Notably, DBBM demonstrated clear differences between the S-size and L-size granules in material surface area, cell viability, and differentiation potential both in Mφs and osteoblasts. In line with the study using HAp by Dawson et al. [12], the present study suggests that the higher surface area of the DBBM_S-size granules might enlarge the cell adhesion area and promote differentiation more efficiently than that of the DBBM_L-size granules. Nevertheless, it was previously reported by Chackartchi et al. that there was no difference in clinical outcome between the two DBBM sizes (S size and L size) for sinus floor augmentation procedures at 6 to 9 months, as shown by both microcomputed tomography (CT) and histomorphometric analysis [23]. Thus, they suggested that the selection of DBBM granule size should depend on surgeon preference, sinus anatomy, or the presence of membrane rupture [23]. Testori et al., in contrast, showed results similar to those of the Chackartchi et al. study for DBBM_L-size granules (26.77% ± 9.63%) but had less favorable results for DBBM_S-size granules (18.77% ± 4.74%) [24]. It was also reported in an experimental animal study in minipigs by Jensen et al. that DBBM_S-size and DBBM_L-size granules performed equally well when used for sinus floor elevation with simultaneous implant placement with regard to the impact on the amount of newly formed bone, DBBM degradation, and bone-to-implant contact (BIC). Importantly, the DBBM_S-size granules showed significantly higher osteoconduction after 6 weeks (in the early period) than the DBBM_L-size granules [25]. The authors assumed that as the granule size decreases, the surface area increases; thus, the presentation of growth factors may be expected to increase correspondingly [25], as suggested by the present study.

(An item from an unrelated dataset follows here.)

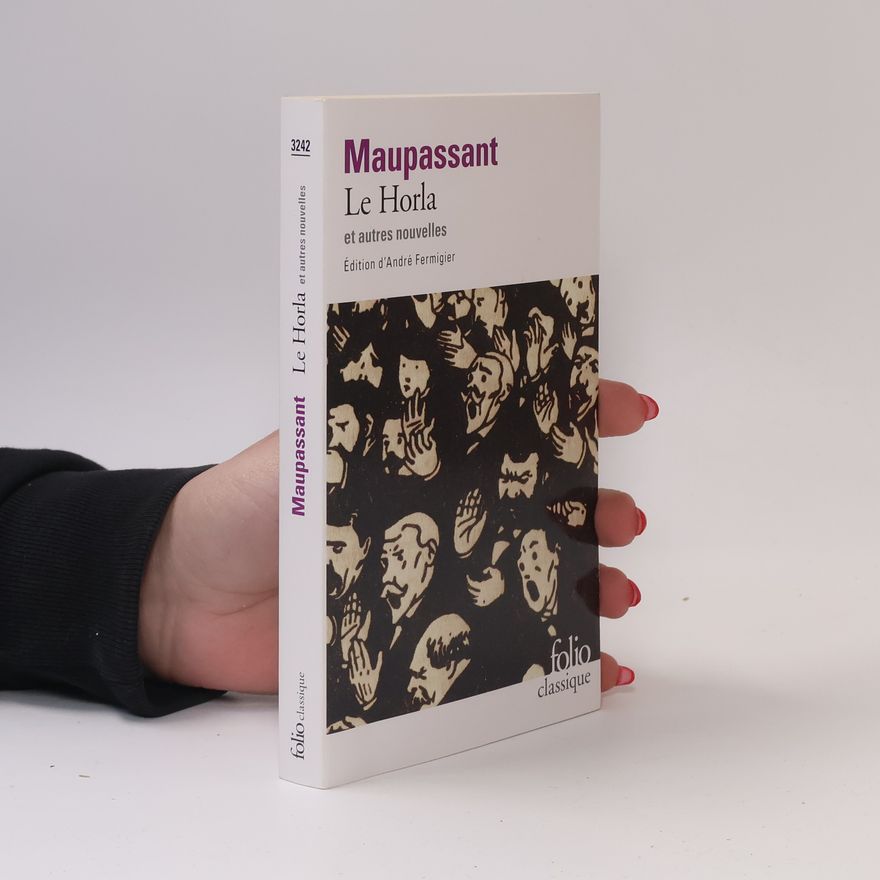 Guy de Maupassant Le Horla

Unfortunately, in vitro studies cannot perfectly reflect clinical outcomes; however, the present study is the first to investigate the impact of BS size on cell behavior using more than two commercial products. The differences in cell function between the two sizes of the tested commercial BSs must be small; however, the sensitivity of cells, including immune cells and osteoblasts, in response to different sizes of BSs might be relatively larger for DBBM than for other synthetic BSs, which might be associated with clinical outcome, especially osteoconductive potential, in particular cases. However, future preclinical and clinical studies are necessary to clarify the correlation between BS size and clinical outcomes for bone regenerative medicine.

Conclusion

The effect of the size of BS on cell viability and differentiation was investigated in Mφs and osteoblasts in vitro. In the synthetic materials (BCP and CO3Ap), there were generally few effects of granule size on cell responses in both Mφs and osteoblasts. Nevertheless, in the present limited study, DBBM granules exhibited clear differences between the S size and L size in cell outcomes, including lower cell viability and a higher osteopromotive effect in the S-size group without noticeable changes to Mφ polarization. These data suggest that a smaller granule size might be advantageous due to an increase in bone regeneration potential, especially when using DBBM granules to treat defects.